The Deal makes circularity a priority. It is key to make the best possible use of the EU's limited resources, reduce dependencies on scarce materials and enhance resilience. It reduces waste, production costs, and CO2 emissions while creating a more sustainable and competitive industrial model that benefits the environment.
- Is the Clean Industrial Deal lowering the ambitions of the Green Deal?
Europe has set the ambitious target to become a decarbonised economy by 2050. It will stay the course on the objectives of the European Green Deal, with the achievement of the 55% net greenhouse gas (GHG) emissions reduction agreed for 2030, and through an intermediate 2040 target of 90%.
Especially in an unstable world, the EU's regulatory certainty and predictability, in combination with simplified rules, is a great asset to attract investments. The actions we have taken so far are already yielding results: we are decarbonising rapidly, reducing our dependence on imported fossil fuels and tackling pollution of the environment. This Deal positions decarbonisation as a powerful driver of growth and prosperity for Europeans.
- How will the Clean Industrial Deal help the EU industry?
The Clean Industrial Deal supports industry to growth and prosper, looking at the entire value chain. It focuses on:
- Making energy more affordable as this is a key condition for the competitiveness of our industry.
- Facilitating supply and creating demand for clean products and materials as companies need a market to make investments.
- Making financial resources available to invest in decarbonisation and competitiveness to support industry as well as leveraging private investments. Without financial support, there will not be investments.
- Securing access to raw materials and resources in the EU to reduce its exposure to unreliable suppliers. Putting circularity at the core of our strategy as the EU needs to secure resources, lower emissions and become more sustainable.
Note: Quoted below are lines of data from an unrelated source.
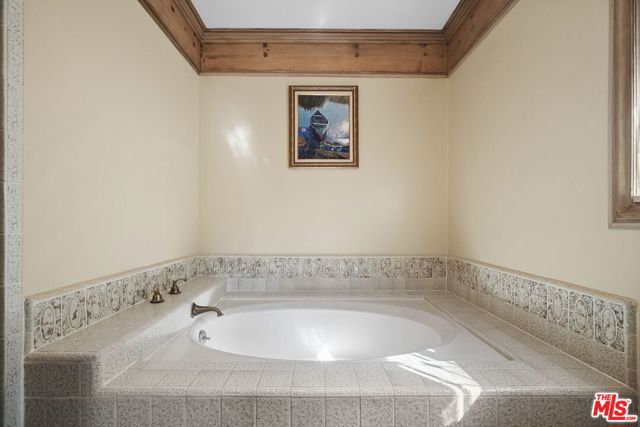 1610 N Beverly Drive, Beverly Hills CA: https://media.crmls.org/mediaz/a6f08a07-80c0-480a-839b-a60b0c8ca44e.jpg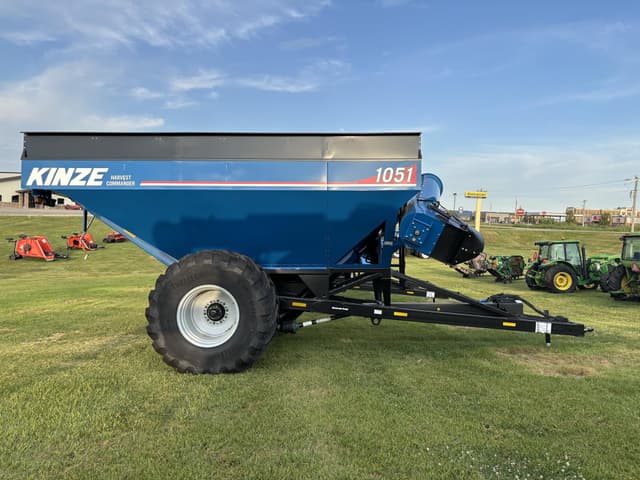 Image of Kinze 1051 equipment image 3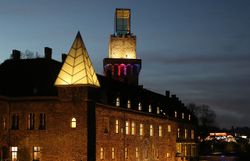 In der sanften Dämmerung erstrahlt das Schloss Rothschild in warmen Lichttönen, während der Fluss leise plätschert. Die harmonische Verbindung von historischer Architektur und modernem Design schafft eine magische Atmosphäre, die zum Verweilen einlädt.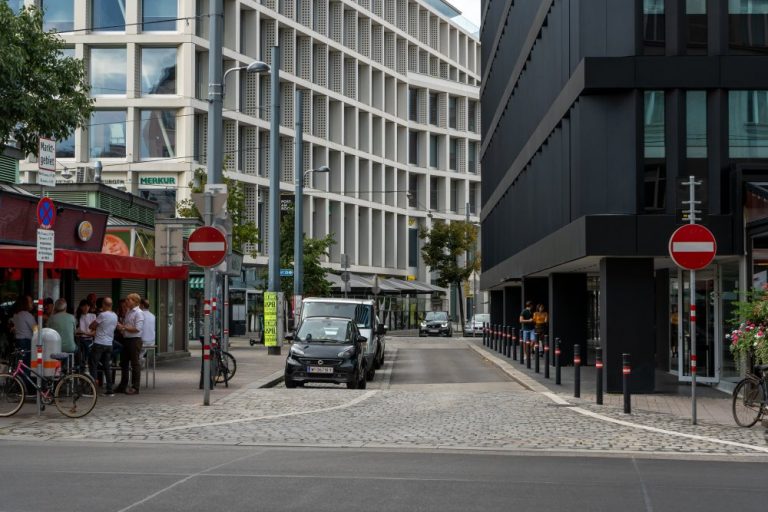 Rochusmarkt, Straße, Parkplätze, Marktstände, Post, Merkur, 1030 Wien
- Creating partnerships to get access to global markets, setting fair conditions for companies in the EU market. Protecting the industries again unfair global competition and overcapacities.
- Building a workforce that fits the decarbonised industry, deliver quality jobs and promote social fairness.
- What are the main legislative and regulatory initiatives?
The Clean Industrial Deal sets out several legislative and regulatory initiatives to support European industries, such as:
- The Industrial Decarbonisation Accelerator Act: it will speed-up permitting for industrial access to energy and industrial decarbonisation, such as the modernisation of steel production sites. It will also establish a low-carbon product label for steel and later cement, which will allow companies to reap the green premium and provide with information to consumers on carbon intensity of products. The Act also introduces resilience and sustainability criteria to foster clean European supply for energy-intensive sectors. These criteria (e.g. clean, resilient, circular, cybersecure) will strengthen demand for EU-made clean products.
- The revision of the Public Procurement Directive: it will allow for sustainability, resilience and European preference criteria in EU public procurement for strategic sectors. These criteria will also be extended to incentivise private procurement, through measures such as life cycle-based CO2 emission performance standards.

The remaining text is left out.